> **EXERCISE OBJECTIVE**
In the entries that follow, find every line containing "Pack" and copy it.

> **RECORDS FOR PROCESSING**
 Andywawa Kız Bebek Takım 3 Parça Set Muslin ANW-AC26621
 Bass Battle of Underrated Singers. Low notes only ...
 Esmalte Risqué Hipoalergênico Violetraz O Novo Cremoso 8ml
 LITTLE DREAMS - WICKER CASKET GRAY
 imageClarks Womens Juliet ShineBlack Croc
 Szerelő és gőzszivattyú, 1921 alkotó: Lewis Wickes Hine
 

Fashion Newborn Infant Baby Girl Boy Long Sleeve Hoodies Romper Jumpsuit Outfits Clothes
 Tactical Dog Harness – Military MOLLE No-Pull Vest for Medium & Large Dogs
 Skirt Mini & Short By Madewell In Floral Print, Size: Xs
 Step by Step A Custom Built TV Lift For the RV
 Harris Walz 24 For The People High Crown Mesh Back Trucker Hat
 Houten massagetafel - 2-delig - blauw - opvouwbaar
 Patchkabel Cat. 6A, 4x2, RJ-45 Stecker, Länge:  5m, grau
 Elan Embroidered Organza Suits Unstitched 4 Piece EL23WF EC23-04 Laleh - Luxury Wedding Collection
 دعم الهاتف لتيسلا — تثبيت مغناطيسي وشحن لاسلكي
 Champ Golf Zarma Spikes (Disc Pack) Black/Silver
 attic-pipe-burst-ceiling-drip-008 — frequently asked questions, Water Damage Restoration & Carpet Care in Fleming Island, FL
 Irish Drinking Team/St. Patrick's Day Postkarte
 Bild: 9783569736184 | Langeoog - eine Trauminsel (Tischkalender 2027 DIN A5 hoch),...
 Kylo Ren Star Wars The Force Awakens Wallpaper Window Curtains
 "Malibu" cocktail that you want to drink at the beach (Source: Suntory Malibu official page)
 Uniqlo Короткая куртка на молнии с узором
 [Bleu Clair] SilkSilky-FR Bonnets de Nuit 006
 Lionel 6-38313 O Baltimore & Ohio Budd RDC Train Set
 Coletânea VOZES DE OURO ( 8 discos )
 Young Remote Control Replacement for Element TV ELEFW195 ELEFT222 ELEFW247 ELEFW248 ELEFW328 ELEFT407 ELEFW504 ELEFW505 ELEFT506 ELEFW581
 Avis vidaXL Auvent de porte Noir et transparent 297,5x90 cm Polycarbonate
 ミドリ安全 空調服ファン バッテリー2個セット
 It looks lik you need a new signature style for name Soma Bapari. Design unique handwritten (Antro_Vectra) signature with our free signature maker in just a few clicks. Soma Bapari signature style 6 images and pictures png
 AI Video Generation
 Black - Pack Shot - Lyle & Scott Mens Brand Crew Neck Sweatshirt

> **WORKED SOLUTION**
 Champ Golf Zarma Spikes (Disc Pack) Black/Silver
 Black - Pack Shot - Lyle & Scott Mens Brand Crew Neck Sweatshirt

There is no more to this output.